# How to perform experiments with damast

One of the main motivation of this library is to facilitate the development and evaluation of Machine-Learning models.
Hence, 'damast' offers a mini-framework and API to simplify the development of machine learning models.
This requires a 'hopefully' minimal set of constraints - as what is envisioned by the authors of this library - so that researchers and ML-starters have lower entry barrier into running machine learning.

That being said, we give an example here on a minimal experiment.

In [1]:
# The list of modules used for this example
from collections import OrderedDict
from typing import List, Optional
from pathlib import Path

# For performance reasons the underlying data handling library is 'vaex'
import vaex

# The current development has focused on a keras+tensorflow based Machine Learning setup
import tensorflow as tf
import keras

import damast
# You can define custom units to annotate data, but otherwise astropy units will be used
from damast.core.units import units
# Data ranges can be defined as list, or marked with a lower-bound (min), upper-bound (max)
from damast.core.datarange import MinMax, CyclicMinMax
# The AnnotatedDataFrame combines a data specification and actual 'numeric' data
from damast.core.dataframe import AnnotatedDataFrame
# An AnnotatedDataFrame contains MetaData to describe the data
from damast.core.metadata import MetaData

# Data processing is centered around a DataProcessingPipeline which consists of multiple PipelineElement being run
# in sequence
from damast.core.dataprocessing import DataProcessingPipeline, PipelineElement


# To allow the machine learning process to be simplified, we offer a 'BaseModel' that should be inherited from
from damast.ml.models.base import BaseModel

# The experiment setup
from damast.ml.experiments import Experiment, LearningTask, ForecastTask, ModelInstanceDescription, TrainingParameters

# Allow to generate data for this particular example that uses data from the maritime domain
from damast.domains.maritime.ais.data_generator import AISTestData, AISTestDataSpec

2023-03-31 12:40:42.548991: I tensorflow/core/platform/cpu_feature_guard.cc:193] This TensorFlow binary is optimized with oneAPI Deep Neural Network Library (oneDNN) to use the following CPU instructions in performance-critical operations:  AVX2 AVX512F AVX512_VNNI FMA
To enable them in other operations, rebuild TensorFlow with the appropriate compiler flags.
2023-03-31 12:40:42.678089: I tensorflow/core/util/port.cc:104] oneDNN custom operations are on. You may see slightly different numerical results due to floating-point round-off errors from different computation orders.
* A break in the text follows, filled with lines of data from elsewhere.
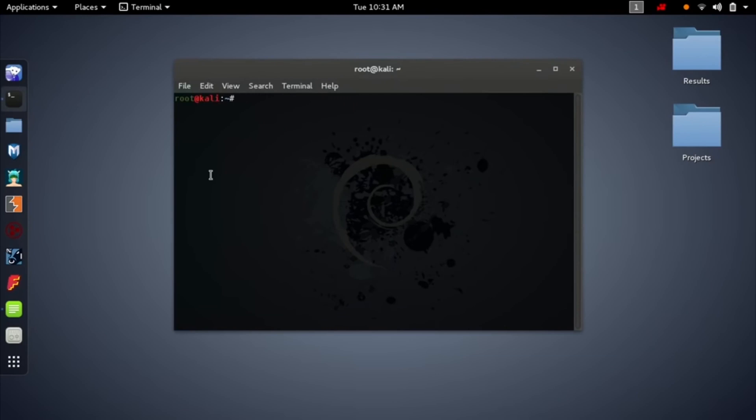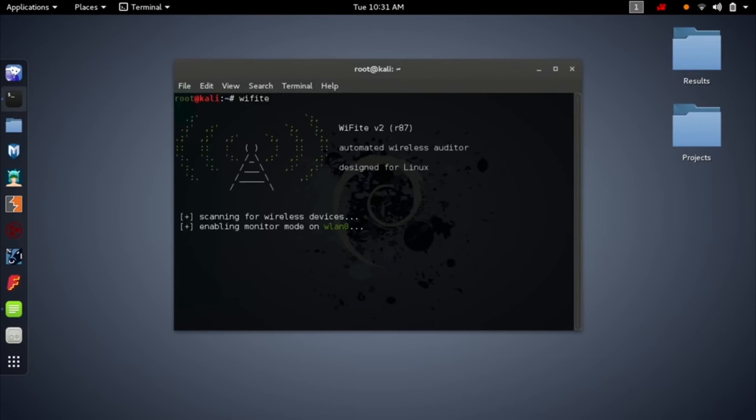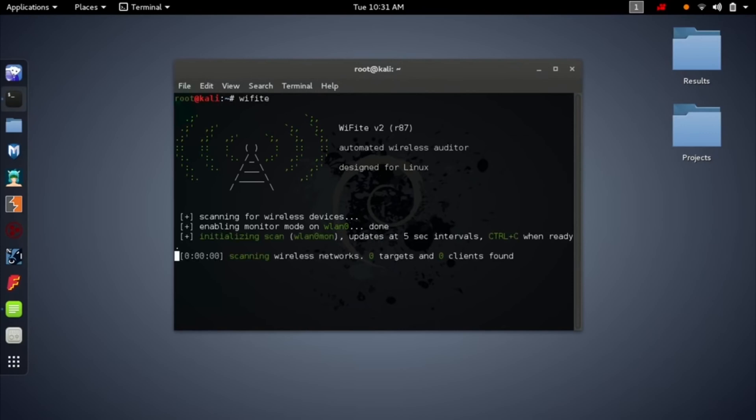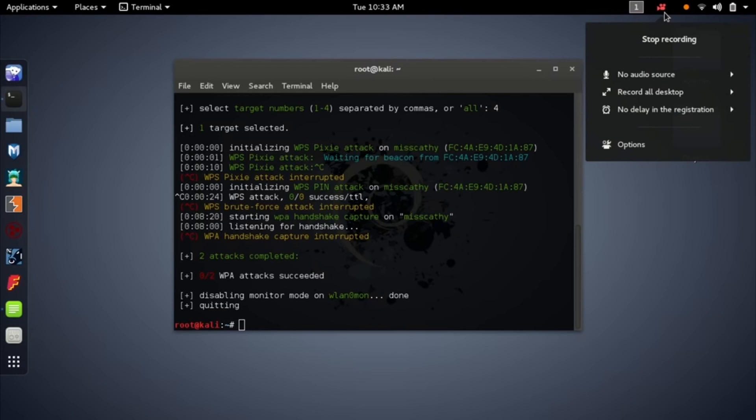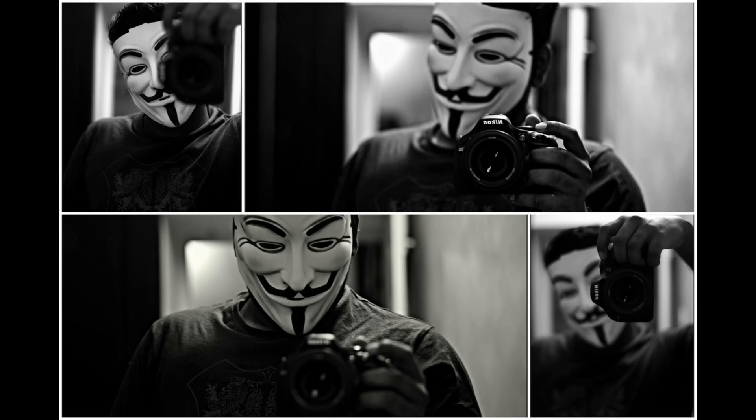Hey everyone, it's DC here and today I'm going to explain to you exactly what a SOC analyst does on a typical day at work. I wanted to make this video because I've seen a lot of misinformation around on the internet about what a SOC analyst actually does on a day-to-day basis, and hopefully this video helps to clear the water. So let's dive straight in.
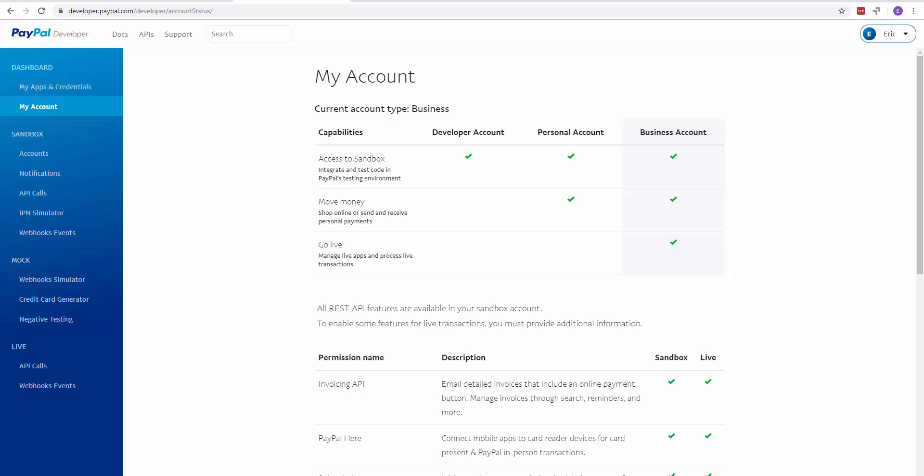To set up the Upsell plugin with PayPal, it's fairly simple. Log into your PayPal account and click the link below this video. It's going to take you to a page like this, your PayPal developer page.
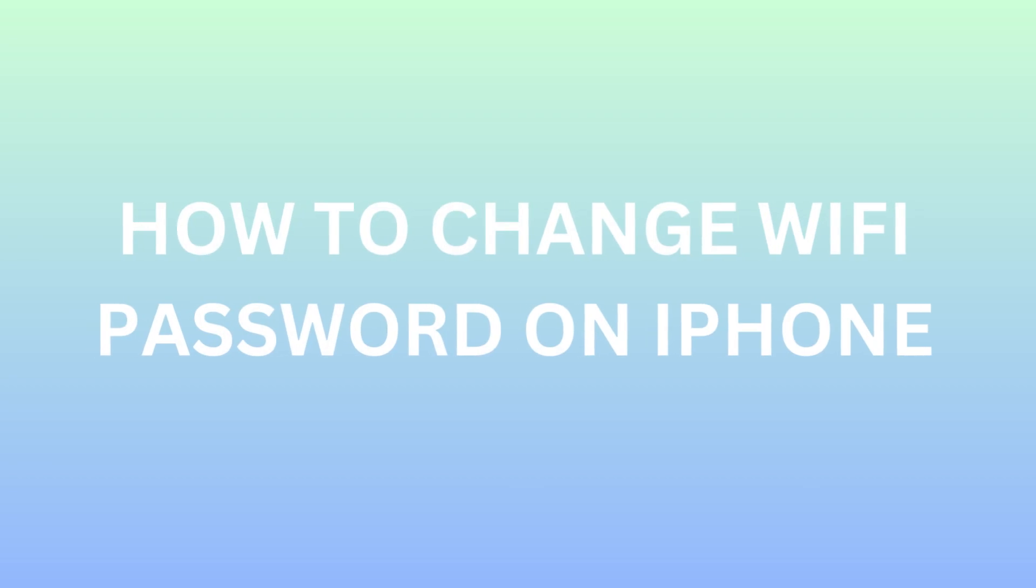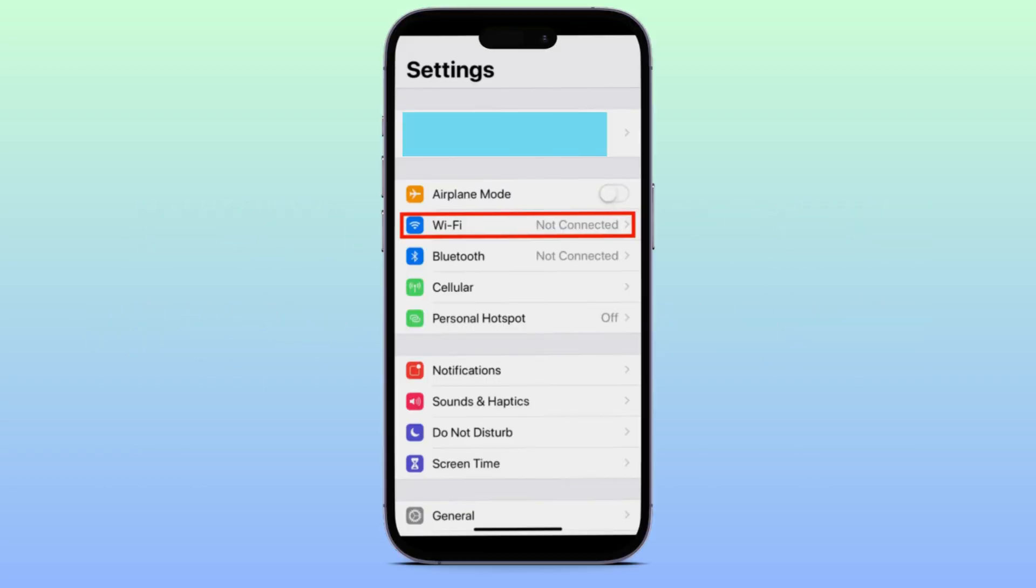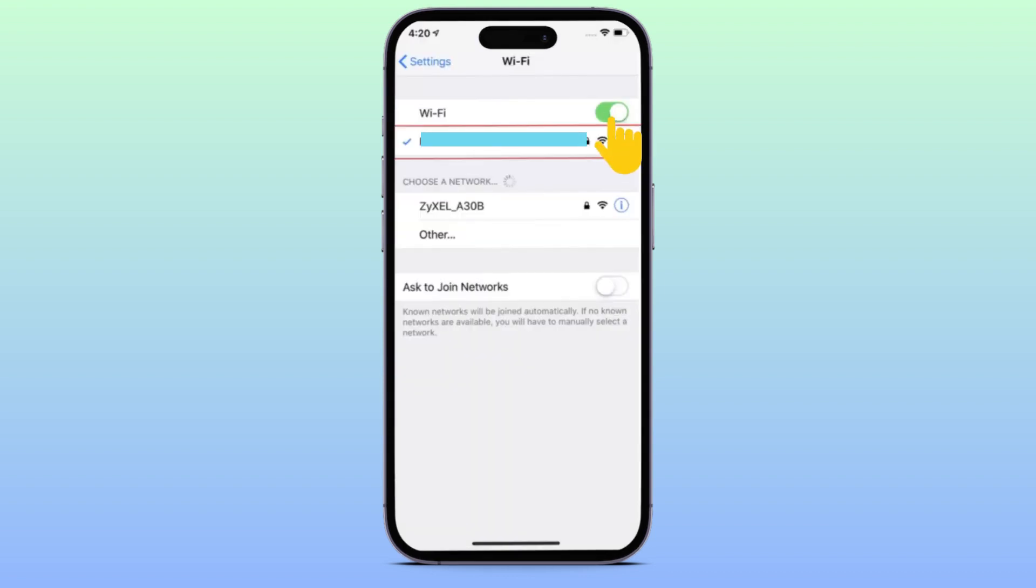Hello everyone, today I'm going to show you how to change WiFi password on your iPhone. So first off, head over to Settings and then tap on WiFi right here. If your WiFi is turned off, toggle the switch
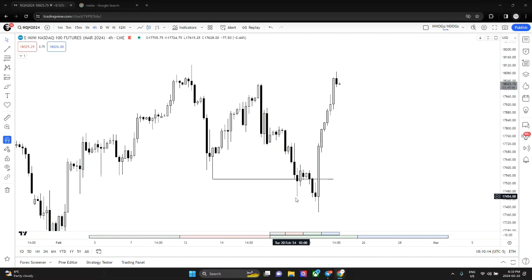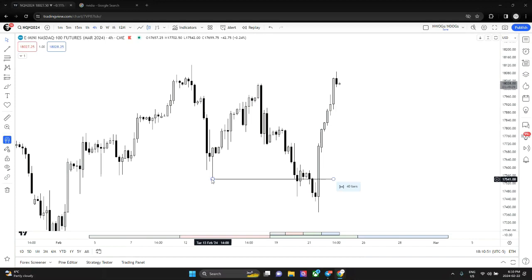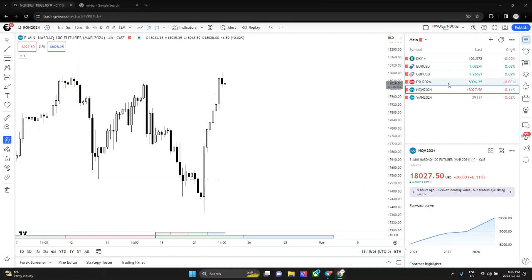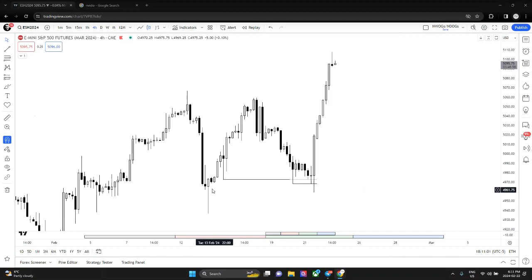Then price just rallied after it created sequential SMT. I always get questions about when AMDX is valid, when to use it — it's not as simple as it's displayed in my YouTube video, which is why we have this mentorship to go deeper. Here we have price taking out Tuesday's low while ES failed to do so, and we predicted and forecasted this already.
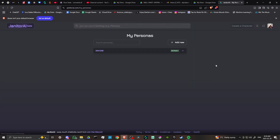And if you're unfamiliar with the persona in Janitor AI, this is essentially a way for you to engage with different characters on Janitor AI. So when you are talking with the various chatbots, depending on how you set a persona is going to affect how the chatbot addresses you.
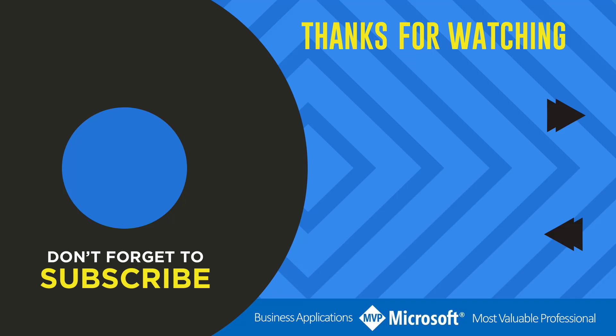Thanks for watching another video by me Flo Joe. If you liked the video don't forget to hit that like button or select a video on your screen right now to continue learning more about the Power Platform.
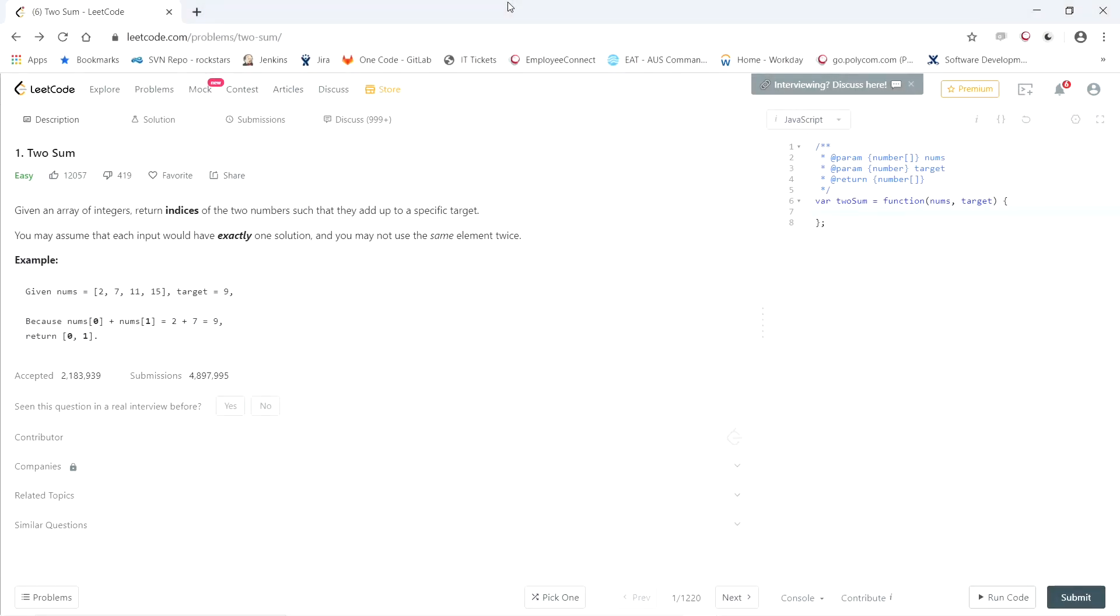Alright, so this LeetCode question is called Two Sum. Given an array of integers, return the indices, so not the elements themselves, return the indices of the two numbers such that they add up to a specific target. You may assume that each input would have exactly one solution and you may not use the same element twice.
To turn them off, set the environment variable `TF_ENABLE_ONEDNN_OPTS=0`.
2023-03-31 12:40:43.256819: W tensorflow/compiler/xla/stream_executor/platform/default/dso_loader.cc:64] Could not load dynamic library 'libnvinfer.so.7'; dlerror: libnvinfer.so.7: cannot open shared object file: No such file or directory
2023-03-31 12:40:43.256866: W tensorflow/compiler/xla/stream_executor/platform/default/dso_loader.cc:64] 

To illustrate a full experiment, we require a data processing pipeline to be set up. This pipeline will extract all those features, that are necessary to train the Machine Learning model(s). The pipeline will run transformations on the data, as provided here by a LatLonTransformer.

In [2]:
class LatLonTransformer(PipelineElement):
    """
    The LatLonTransformer will consume a lat(itude) and a lon(gitude) column and perform
    cyclic normalization. It will add four column to a dataframe, namely lat_x, lat_y, lon_x, lon_y.
    """
    @damast.core.describe("Lat/Lon cyclic transformation")
    @damast.core.input({
        "lat": {"unit": units.deg},
        "lon": {"unit": units.deg}
    })
    @damast.core.output({
        "lat_x": {"value_range": MinMax(-1.0, 1.0)},
        "lat_y": {"value_range": MinMax(-1.0, 1.0)},
        "lon_x": {"value_range": MinMax(-1.0, 1.0)},
        "lon_y": {"value_range": MinMax(-1.0, 1.0)}
    })
    def transform(self, df: AnnotatedDataFrame) -> AnnotatedDataFrame:        
        lat_cyclic_transformer = vaex.ml.CycleTransformer(features=["lat"], n=180.0)
        lon_cyclic_transformer = vaex.ml.CycleTransformer(features=["lon"], n=360.0)

        _df = lat_cyclic_transformer.fit_transform(df=df)
        _df = lon_cyclic_transformer.fit_transform(df=_df)
        df._dataframe = _df
        return df


The selected example model here, will require the above listed features as input - and will likewise a likewise shaped output for simplicity.

In [3]:
class Baseline(BaseModel):
    """
    This is a placeholder ML model that illustrates the minimal
    requirements.
    """
    input_specs = OrderedDict({
        "lat_x": {"length": 1},
        "lat_y": {"length": 1},
        "lon_x": {"length": 1},
        "lon_y": {"length": 1}
    })

    output_specs = OrderedDict({
        "lat_x": {"length": 1},
        "lat_y": {"length": 1},
        "lon_x": {"length": 1},
        "lon_y": {"length": 1}
    })

    def __init__(self,
                 name: str,
                 features: List[str],
                 timeline_length: int,
                 output_dir: Path,
                 targets: Optional[List[str]] = None):
        self.timeline_length = timeline_length

        super().__init__(name=name,
                         output_dir=output_dir,
                         features=features,
                         targets=targets)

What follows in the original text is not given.